After that, we should be able to move the go_lock call to when we're
done with the glock, when we've dropped the lockref spin lock already.
Also, maybe we can move waiting for the flag to gfs2_glock_nq
eventually.
> + if (ret) {
> + if (ret == -EAGAIN)
> + goto check_go_lock;
> + else
> + goto restart;
> + } else
> + lock_released = true;
> + }
> +
> + set_bit(HIF_HOLDER, &gh->gh_iflags);
> + trace_gfs2_promote(gh, first);
I think 'first' can be killed now.
> + gfs2_holder_wake(gh);
> + /*
> + * If we released the gl_lockref.lock the holders list may have
> + * changed. For that reason, we start again at the start of
> + * the holders queue.
> + */
> + if (lock_released)
> + goto restart;
> }
> return 0;
> }
> @@ -1064,7 +1120,7 @@ int gfs2_glock_get(struct gfs2_sbd *sdp, u64 number,
>
> atomic_inc(&sdp->sd_glock_disposal);
> gl->gl_node.next = NULL;
> - gl->gl_flags = 0;
> + gl->gl_flags = glops->go_lock ? BIT(GLF_GO_LOCK_NEEDED) : 0;
> gl->gl_name = name;
> lockdep_set_subclass(&gl->gl_lockref.lock, glops->go_subclass);
> gl->gl_lockref.count = 1;
> @@ -2153,6 +2209,8 @@ static const char *gflags2str(char *buf, const struct gfs2_glock *gl)
> *p++ = 'P';
> if (test_bit(GLF_FREEING, gflags))
> *p++ = 'x';
> + if (test_bit(GLF_GO_LOCK_NEEDED, gflags))
> + *p++ = 'g';
> *p = 0;
> return buf;
> }
> diff --git a/fs/gfs2/glock.h b/fs/gfs2/glock.h
> index 8a09379dbf66..2e348e250fd2 100644
> --- a/fs/gfs2/glock.h
> +++ b/fs/gfs2/glock.h
> @@ -195,6 +195,7 @@ extern void gfs2_holder_reinit(unsigned int state, u16 flags,
> extern void gfs2_holder_uninit(struct gfs2_holder *gh);
> extern int gfs2_glock_nq(struct gfs2_holder *gh);
> extern int gfs2_glock_poll(struct gfs2_holder *gh);
> +extern int gfs2_go_lock(struct gfs2_holder *gh);
> extern int gfs2_glock_wait(struct gfs2_holder *gh);
> extern int gfs2_glock_async_wait(unsigned int num_gh, struct gfs2_holder *ghs);
> extern void gfs2_glock_dq(struct gfs2_holder *gh);
> diff --git a/fs/gfs2/glops.c b/fs/gfs2/glops.c
> index 4b19f513570f..4823ba63c3bf 100644
> --- a/fs/gfs2/glops.c
> +++ b/fs/gfs2/glops.c
> @@ -356,7 +356,7 @@ static void inode_go_inval(struct gfs2_glock *gl, int flags)

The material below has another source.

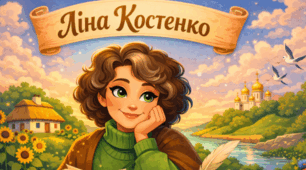 🎨 Плакат «Ліна Костенко» +розмальовки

> struct address_space *mapping = gfs2_glock2aspace(gl);
> truncate_inode_pages(mapping, 0);
> if (ip) {
> - set_bit(GIF_INVALID, &ip->i_flags);
> + set_bit(GLF_GO_LOCK_NEEDED, &gl->gl_flags);
> forget_all_cached_acls(&ip->i_inode);
> security_inode_invalidate_secctx(&ip->i_inode);
> gfs2_dir_hash_inval(ip);
> @@ -476,8 +476,6 @@ int gfs2_inode_refresh(struct gfs2_inode *ip)
>
> error = gfs2_dinode_in(ip, dibh->b_data);
> brelse(dibh);
> - clear_bit(GIF_INVALID, &ip->i_flags);
Yikes. Can replacing GIF_INVALID with GLF_GO_LOCK_NEEDED go in a separate patch?
> -
> return error;
> }
>
> @@ -493,16 +491,14 @@ static int inode_go_lock(struct gfs2_holder *gh)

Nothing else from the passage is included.